BDO, Trouw Administratie, Kamer van Koophandel, Belastingdienst, Eneco, Evides, Trouw Administratie
4.24. Deze onderdelen (vordering sub 1, tweede gedeelte) lenen zich voor gezamenlijke bespreking.
4.25. Met betrekking tot de nota van BDO d.d. 9 april 2010, de drie facturen van Trouw Administratie d.d. 28 mei 2010 en de vorderingen van Eneco op [X], geldt dat [gedaagde] het bestaan van de vorderingen kennelijk niet betwist, maar het zakelijk karakter daarvan betwist omdat de bedragen waarom het hier gaat na de datum van het vonnis in het vierde kort geding in rekening zijn gebracht.

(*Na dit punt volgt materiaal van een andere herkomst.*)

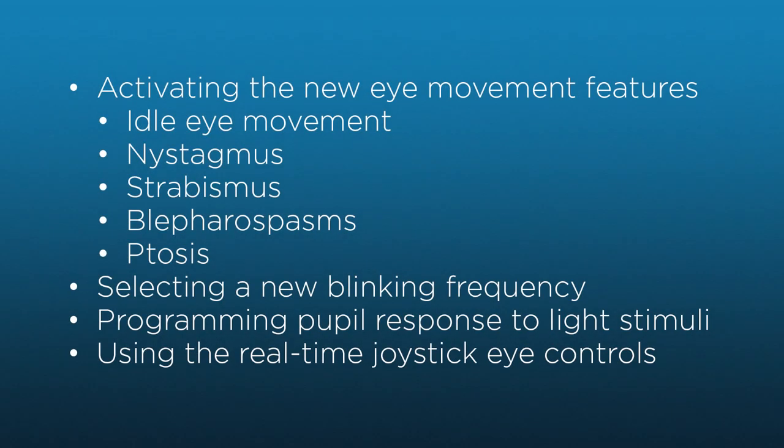By the end of the video, you should be able to understand and use the new eye movement features, change the blinking rate, program the pupillary reaction, and use the joystick eye controls for real-time movement.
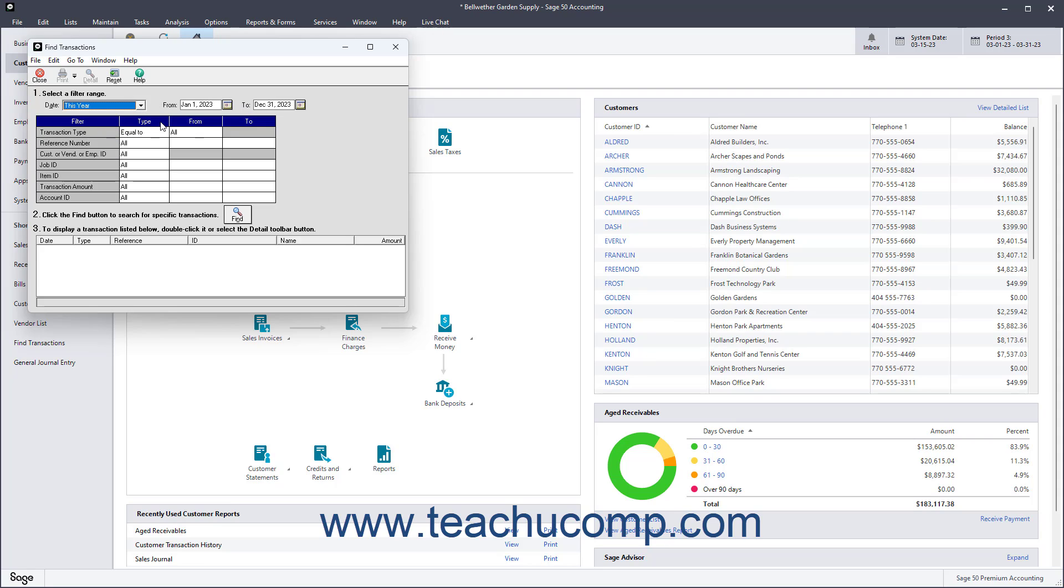You can also use the Type dropdowns and the adjacent From and To fields, if available, to further select what to find for each filter shown below the date.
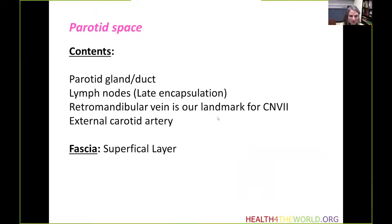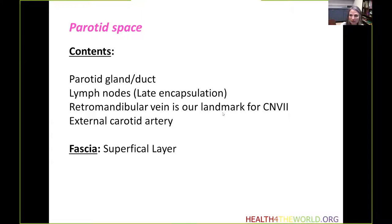Moving on to the parotid space. Its contents include the parotid gland and part of the duct. Some lymph nodes are normally seen within the parotid glands due to late encapsulation during development. The retromandibular vein is seen within the parotid and is a radiological landmark for the facial nerve, which subdivides the parotid into the superficial and deep lobes. Branches of the external carotid arteries are found within the parotid space as well.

Nu het voor het verschuldigd zijn van de betreffende bedragen niet uitmaakt of de betreffende bedragen voor of na voornoemd vonnis in rekening zijn gebracht, is er geen reden aan te nemen dat [X] niet gehouden zou zijn de nota van BDO d.d. 9 april 2010, de drie facturen van Trouw Administratie d.d. 28 mei 2010 en de vorderingen van Eneco op [X] te voldoen. Evenmin biedt de betwisting door [gedaagde] grond voor de opvatting dat deze vorderingen geen voorrang zouden hebben op de afgeleide vordering van [gedaagde]. [gedaagde] dient derhalve toestemming voor de betaling van de betreffende bedragen te verlenen.
4.26. Voor zover de bedragen, waarvoor [eiser] in dit kort geding toestemming tot uitbetaling heeft gevorderd, zien op betalingsverplichtingen van anderen dan [X], wordt de vordering afgewezen onder verwijzing naar hetgeen vermeld is in punt 4.10.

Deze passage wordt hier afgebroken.